The evidence for CFC damage is pretty damning. The problem is that CFCs are extremely stable in the lower atmosphere, once released they will survive for a long long time. One 'debunking' argument is that they are denser than atmospheric gases and therefore wouldn't find their way up as high as the ozone. This is, of course, utter bilge. The atmosphere is not generally "sorted" by molecular weight, natural turbulence and diffusion are more than enough to get them up into the stratosphere.
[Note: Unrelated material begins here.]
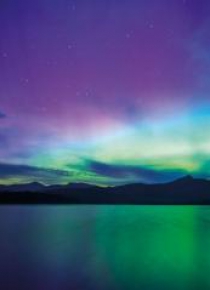 Karnet kwadrat z kopertą Northern light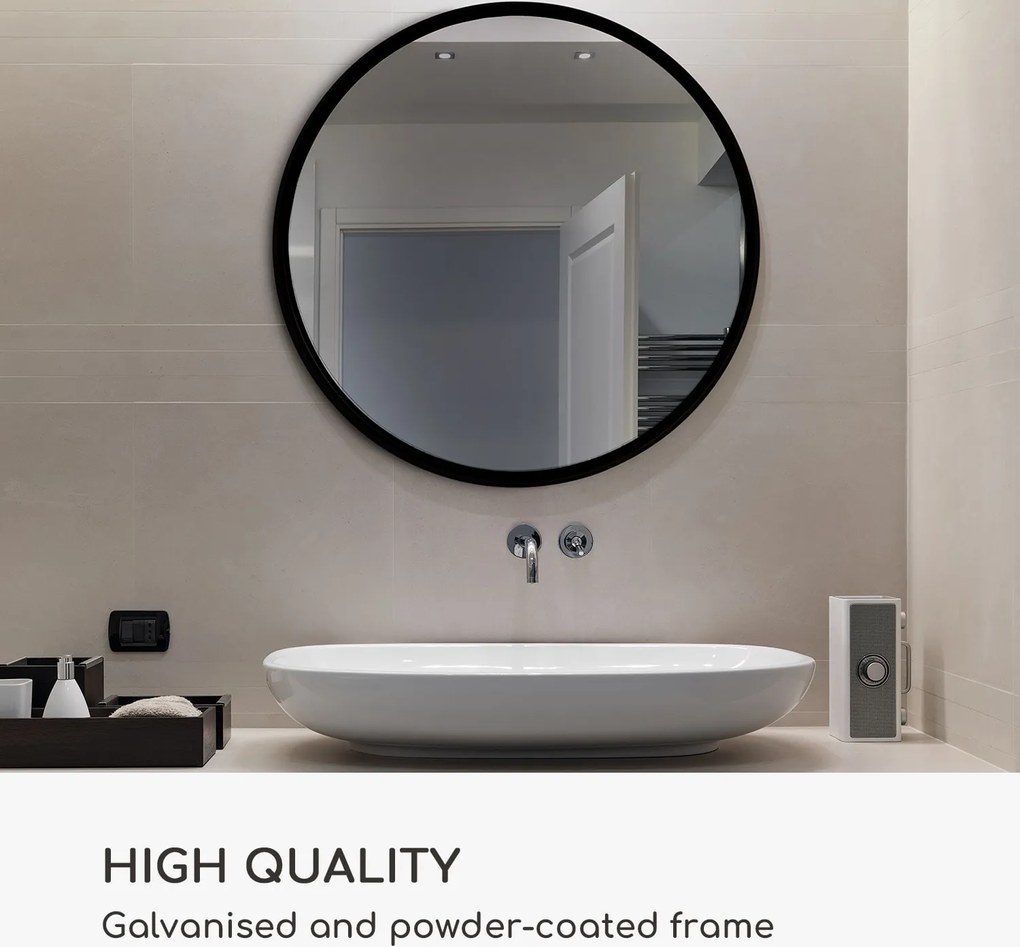 Casa Chic Fournier Fali tükör fém kerettel kerek 58.8 x 58.8 cm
Once they get there, the UV and particle radiation is enough to break the bonds between the carbon and chlorine atoms. This is where the problem starts. The chlorine atom released breaks down ozone *catalytically*. Therefore, one chlorine atom can break down any number of ozone molecules it comes into contact with. In other words, it only takes a small amount of CFC to reach the ozone layer, be decomposed to do a lot of damage.
There are natural sources of ozone depleting chlorine, such as volcanos etc, however they generally belch out hydrogen chloride (rather than chlorocarbons), which usually end up in clouds and getting rained back to earth. Also, hydrogen chloride doesnt exactly dissociate as readily, nor in the same way as a chloro carbon bond (you are much more likely to see H+ / Cl- than H / Cl).
I suspect the holes at the poles would be at least partially the result of their extended periods in the dark, during which time the ozone would decompose back to molecular oxygen. Perhaps some fluid dynamic behaviour of the atmosphere concentrates ozone depleting pollutants close to the poles, frankly I have no idea, but again if that is the case, I'd expect a larger depletion in the northern hemisphere, were most of CFC producing people live.
Methane and other gases would probably be oxidised by ozone in the presence of strong UV (thereby depleting it) but this reaction would not be catalytic - the methane would be converted to compounds that would, eventually, not be capable of further reacting with more ozone. This is quite a contrast to your chlorocarbon case where the liberated chlorine atom can destroy as many ozone molecules as it can come into contact with before eventually being lost from the atmosphere or captured in some other way.